Differential Diagnosis
- Medulloblastoma: Typically hyperdense on non-enhanced CT. Characteristically demonstrates diffusion restriction (increased DWI, decreased ADC). Most commonly arises from the roof of the 4th ventricle, with 90% found in the midline. Compared to infratentorial ependymomas, these often have a more distinct interface with the floor of the 4th ventricle.
- Cerebellar Pilocytic Astrocytoma: Originates from cerebellar parenchyma. Unlike ependymomas, approximately 90% are off midline. Cystic component is present in most cases. The enhancing portion shows vigorous enhancement in over 90% of cases, which may help differentiate from ependymomas.
- Choroid Plexus Papilloma: Intraventricular tumour that exhibits vigorous enhancement. Although ependymomas are typically found in the 4th ventricle in children, in adults, a choroid plexus papilloma is more common in this location. A lobulated, frond-like border will help differentiate from ependymomas.
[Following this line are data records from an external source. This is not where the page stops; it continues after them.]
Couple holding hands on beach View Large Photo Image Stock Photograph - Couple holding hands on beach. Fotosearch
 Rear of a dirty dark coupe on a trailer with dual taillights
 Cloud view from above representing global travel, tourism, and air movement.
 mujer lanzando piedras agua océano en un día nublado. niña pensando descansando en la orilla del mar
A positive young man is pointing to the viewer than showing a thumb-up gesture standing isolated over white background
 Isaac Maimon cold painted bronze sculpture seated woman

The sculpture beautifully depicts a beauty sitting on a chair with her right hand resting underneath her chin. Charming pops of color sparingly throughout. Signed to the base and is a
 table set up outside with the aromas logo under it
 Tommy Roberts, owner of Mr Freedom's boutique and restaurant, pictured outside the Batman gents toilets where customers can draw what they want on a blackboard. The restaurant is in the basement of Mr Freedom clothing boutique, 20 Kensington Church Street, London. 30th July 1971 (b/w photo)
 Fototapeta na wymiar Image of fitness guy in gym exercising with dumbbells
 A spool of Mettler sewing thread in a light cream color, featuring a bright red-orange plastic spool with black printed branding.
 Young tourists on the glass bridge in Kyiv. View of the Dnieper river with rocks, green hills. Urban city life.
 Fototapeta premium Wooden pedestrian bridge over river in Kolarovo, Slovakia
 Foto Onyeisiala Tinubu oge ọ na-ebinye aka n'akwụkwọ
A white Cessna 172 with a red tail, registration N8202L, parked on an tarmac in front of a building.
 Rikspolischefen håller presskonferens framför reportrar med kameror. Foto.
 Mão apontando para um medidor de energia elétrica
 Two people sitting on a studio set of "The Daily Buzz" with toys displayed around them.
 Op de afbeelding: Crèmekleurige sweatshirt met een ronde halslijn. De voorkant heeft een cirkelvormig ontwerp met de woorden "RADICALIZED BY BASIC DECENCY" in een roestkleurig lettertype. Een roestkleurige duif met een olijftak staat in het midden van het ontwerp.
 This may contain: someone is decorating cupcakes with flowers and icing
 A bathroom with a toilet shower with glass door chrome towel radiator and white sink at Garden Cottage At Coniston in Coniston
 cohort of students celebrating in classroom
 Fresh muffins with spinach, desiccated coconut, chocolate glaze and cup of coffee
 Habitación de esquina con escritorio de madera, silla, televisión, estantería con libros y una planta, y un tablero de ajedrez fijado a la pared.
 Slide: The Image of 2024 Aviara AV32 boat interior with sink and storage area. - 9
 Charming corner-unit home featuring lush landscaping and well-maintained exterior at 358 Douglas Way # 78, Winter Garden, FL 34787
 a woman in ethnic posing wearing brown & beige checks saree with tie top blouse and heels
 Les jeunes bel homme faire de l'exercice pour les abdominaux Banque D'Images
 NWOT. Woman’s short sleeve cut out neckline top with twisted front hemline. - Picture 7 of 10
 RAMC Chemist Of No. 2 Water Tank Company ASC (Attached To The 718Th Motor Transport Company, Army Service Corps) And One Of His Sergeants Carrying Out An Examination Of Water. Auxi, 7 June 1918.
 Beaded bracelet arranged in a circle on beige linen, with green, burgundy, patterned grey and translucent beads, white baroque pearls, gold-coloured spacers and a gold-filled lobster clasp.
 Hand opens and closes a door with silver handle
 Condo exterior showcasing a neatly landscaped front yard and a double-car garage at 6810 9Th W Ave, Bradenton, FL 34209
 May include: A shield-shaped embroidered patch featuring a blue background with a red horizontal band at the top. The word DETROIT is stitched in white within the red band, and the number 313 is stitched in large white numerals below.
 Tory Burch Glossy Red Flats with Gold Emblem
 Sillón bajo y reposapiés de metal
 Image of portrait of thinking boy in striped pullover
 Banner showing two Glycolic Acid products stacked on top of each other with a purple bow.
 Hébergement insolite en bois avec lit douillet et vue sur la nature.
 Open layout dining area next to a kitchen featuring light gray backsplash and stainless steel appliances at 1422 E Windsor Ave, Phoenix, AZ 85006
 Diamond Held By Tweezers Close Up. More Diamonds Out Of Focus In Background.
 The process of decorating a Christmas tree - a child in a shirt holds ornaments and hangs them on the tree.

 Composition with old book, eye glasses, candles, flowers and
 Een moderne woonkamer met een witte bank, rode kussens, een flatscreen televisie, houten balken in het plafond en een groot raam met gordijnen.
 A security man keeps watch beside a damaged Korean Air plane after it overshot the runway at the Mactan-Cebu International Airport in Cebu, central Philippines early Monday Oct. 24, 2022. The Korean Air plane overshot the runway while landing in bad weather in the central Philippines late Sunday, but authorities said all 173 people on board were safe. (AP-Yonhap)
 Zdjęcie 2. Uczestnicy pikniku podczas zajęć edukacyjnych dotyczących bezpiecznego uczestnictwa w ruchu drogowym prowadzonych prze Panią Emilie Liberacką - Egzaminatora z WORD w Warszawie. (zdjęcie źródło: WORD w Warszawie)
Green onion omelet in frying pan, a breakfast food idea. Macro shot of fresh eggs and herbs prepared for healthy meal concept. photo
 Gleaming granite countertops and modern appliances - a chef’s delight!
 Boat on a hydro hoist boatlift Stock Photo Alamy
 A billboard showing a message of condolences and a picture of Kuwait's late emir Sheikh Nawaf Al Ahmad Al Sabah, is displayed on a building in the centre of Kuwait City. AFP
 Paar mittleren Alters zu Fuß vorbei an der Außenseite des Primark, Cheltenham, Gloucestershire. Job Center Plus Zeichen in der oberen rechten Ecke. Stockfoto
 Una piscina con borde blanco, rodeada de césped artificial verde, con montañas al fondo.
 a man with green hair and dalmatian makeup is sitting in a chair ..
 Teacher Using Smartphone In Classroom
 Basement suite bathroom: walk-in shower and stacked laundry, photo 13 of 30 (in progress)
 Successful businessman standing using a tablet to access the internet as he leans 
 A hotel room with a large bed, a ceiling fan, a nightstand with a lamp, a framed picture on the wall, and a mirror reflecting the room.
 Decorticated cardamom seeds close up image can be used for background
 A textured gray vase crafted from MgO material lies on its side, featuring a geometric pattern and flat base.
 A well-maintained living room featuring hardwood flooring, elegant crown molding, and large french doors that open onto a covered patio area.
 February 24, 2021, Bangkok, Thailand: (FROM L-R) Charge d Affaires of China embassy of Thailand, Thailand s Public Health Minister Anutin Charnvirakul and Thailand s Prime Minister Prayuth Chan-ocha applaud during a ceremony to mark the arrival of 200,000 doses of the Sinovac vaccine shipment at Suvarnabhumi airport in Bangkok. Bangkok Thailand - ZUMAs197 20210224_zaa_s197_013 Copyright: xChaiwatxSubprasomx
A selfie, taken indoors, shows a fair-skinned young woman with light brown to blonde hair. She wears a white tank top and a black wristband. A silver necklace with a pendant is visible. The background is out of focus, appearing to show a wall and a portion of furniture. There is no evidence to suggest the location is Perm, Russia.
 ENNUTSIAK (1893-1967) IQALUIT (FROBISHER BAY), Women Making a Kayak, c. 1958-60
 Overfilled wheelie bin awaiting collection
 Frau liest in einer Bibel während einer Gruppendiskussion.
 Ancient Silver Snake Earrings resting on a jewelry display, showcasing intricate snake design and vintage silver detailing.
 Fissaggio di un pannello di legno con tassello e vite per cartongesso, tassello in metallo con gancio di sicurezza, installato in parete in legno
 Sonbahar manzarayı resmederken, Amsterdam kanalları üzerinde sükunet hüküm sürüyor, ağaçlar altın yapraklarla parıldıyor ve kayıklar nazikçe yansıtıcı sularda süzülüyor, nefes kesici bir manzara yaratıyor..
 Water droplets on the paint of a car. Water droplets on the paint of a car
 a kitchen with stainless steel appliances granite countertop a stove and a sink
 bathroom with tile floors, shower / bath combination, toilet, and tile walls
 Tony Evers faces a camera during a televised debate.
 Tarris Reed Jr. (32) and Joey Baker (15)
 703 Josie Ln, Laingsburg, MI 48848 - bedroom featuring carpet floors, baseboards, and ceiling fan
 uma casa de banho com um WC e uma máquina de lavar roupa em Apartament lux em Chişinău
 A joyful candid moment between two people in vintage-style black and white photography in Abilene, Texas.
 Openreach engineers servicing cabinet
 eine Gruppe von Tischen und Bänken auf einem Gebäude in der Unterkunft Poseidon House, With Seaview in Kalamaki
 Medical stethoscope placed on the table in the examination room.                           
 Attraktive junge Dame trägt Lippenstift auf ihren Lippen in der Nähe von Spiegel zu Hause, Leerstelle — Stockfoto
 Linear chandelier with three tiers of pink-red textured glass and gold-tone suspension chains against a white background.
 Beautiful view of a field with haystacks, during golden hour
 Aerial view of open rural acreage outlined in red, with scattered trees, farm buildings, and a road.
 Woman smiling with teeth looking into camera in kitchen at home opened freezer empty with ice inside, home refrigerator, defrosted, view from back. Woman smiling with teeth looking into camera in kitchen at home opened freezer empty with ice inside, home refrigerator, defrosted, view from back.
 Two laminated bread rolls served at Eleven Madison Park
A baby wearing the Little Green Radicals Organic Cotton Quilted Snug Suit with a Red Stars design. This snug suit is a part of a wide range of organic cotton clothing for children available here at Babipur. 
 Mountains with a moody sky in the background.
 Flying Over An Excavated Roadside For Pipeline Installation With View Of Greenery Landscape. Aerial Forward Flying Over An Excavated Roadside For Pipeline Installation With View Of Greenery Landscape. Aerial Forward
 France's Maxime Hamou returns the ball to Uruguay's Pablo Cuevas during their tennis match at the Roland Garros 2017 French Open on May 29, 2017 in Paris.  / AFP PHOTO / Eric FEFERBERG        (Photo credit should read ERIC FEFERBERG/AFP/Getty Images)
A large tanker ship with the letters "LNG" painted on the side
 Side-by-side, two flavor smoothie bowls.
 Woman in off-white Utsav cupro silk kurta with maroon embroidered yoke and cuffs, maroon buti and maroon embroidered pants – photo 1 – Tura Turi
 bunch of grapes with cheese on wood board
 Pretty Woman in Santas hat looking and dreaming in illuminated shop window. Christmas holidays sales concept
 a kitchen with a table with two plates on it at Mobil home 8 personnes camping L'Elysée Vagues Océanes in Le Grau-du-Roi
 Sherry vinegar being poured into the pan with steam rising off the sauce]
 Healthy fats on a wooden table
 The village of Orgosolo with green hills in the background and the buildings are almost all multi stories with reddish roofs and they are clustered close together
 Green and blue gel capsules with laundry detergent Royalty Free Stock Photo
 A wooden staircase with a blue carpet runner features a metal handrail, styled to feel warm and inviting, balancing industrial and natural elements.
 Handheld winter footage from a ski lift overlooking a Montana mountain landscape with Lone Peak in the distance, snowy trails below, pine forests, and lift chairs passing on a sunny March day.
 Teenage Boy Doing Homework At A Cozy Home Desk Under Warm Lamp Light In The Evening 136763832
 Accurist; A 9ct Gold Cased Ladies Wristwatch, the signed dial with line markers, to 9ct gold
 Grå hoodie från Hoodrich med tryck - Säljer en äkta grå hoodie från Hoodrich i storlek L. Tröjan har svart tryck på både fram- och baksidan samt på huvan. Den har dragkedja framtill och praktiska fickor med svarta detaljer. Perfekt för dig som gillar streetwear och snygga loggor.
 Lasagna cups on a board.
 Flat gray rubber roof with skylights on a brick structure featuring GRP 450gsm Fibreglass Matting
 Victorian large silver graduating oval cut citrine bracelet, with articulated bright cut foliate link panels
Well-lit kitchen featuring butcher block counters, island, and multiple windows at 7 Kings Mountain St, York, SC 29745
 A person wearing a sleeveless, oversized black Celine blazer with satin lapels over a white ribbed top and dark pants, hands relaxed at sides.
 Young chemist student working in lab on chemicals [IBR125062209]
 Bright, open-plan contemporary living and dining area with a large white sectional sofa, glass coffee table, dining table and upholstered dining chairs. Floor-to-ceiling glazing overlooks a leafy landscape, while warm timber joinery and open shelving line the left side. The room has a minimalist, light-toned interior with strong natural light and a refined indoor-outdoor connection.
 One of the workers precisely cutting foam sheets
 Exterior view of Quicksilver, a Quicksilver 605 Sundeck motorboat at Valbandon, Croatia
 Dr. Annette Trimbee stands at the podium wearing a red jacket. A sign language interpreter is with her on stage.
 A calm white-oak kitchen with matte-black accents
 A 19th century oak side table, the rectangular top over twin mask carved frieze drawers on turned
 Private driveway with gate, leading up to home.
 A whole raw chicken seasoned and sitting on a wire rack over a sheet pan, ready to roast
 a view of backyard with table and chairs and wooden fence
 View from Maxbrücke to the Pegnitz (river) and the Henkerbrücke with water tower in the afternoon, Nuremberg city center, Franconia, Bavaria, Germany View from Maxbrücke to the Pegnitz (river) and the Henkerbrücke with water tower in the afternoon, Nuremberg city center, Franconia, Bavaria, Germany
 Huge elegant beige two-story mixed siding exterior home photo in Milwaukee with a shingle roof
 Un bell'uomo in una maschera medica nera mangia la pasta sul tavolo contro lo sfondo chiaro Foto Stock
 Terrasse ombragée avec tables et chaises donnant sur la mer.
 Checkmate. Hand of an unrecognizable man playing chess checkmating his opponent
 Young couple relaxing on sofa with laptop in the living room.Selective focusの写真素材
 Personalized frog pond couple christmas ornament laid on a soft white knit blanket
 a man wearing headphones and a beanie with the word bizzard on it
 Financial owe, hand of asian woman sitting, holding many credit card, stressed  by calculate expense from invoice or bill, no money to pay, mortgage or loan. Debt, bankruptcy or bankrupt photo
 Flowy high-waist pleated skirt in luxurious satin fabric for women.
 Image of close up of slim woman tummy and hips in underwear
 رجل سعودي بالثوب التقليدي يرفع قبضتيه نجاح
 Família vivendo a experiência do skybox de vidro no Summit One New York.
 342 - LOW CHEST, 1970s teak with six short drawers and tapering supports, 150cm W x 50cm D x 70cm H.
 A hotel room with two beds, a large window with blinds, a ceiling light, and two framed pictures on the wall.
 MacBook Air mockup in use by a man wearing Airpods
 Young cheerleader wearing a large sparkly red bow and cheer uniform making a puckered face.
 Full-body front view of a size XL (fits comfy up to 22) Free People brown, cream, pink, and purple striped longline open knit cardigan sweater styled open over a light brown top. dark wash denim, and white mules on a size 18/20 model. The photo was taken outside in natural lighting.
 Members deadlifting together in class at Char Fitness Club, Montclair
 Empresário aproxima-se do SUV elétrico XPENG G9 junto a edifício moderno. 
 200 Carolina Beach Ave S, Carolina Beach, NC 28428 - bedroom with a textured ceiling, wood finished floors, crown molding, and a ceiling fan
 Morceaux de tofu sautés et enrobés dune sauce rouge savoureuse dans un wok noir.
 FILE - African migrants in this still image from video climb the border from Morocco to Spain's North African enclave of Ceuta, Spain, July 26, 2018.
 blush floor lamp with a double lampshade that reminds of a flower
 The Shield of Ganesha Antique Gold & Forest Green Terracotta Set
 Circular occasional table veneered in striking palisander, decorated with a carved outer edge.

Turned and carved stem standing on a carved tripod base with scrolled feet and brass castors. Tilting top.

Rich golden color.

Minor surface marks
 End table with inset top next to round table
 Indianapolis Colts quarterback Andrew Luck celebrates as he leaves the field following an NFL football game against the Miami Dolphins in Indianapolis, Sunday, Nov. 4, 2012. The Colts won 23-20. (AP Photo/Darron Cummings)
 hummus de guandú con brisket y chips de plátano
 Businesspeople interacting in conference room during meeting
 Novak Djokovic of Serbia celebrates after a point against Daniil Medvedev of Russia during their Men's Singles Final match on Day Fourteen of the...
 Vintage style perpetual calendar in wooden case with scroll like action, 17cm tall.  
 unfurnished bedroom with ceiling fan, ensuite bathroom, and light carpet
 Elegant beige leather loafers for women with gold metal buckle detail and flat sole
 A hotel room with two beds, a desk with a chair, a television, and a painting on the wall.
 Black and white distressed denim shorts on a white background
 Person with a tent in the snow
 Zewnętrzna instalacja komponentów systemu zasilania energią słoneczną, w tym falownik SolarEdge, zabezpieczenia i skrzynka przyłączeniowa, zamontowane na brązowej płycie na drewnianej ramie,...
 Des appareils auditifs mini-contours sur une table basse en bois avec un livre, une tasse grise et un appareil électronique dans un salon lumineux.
- Atypical Teratoid/Rhabdoid Tumour: Cellular mass that demonstrates diffusion restriction (increased DWI, decreased ADC). More likely to be off midline compared to medulloblastoma (MB). Compared to MB, more likely to have cysts and haemorrhage. Typically occurs in very young children, which can help differentiate from ependymomas, which are more common in older children and adults.
- Brainstem Glioma: Infiltrative mass that expands the brainstem. Demonstrates fairly homogeneous signal on MRI. May project dorsally into the 4th ventricle, which can help differentiate from infratentorial ependymomas which tend to originate in the 4th ventricle.
Management
- Surgical resection is the mainstay of treatment, with an attempt at gross total resection whenever feasible.
- Adjuvant radiotherapy is often used, particularly in cases of incomplete resection or higher-grade tumours.
- Will require completing imaging of neuroaxis to complete staging.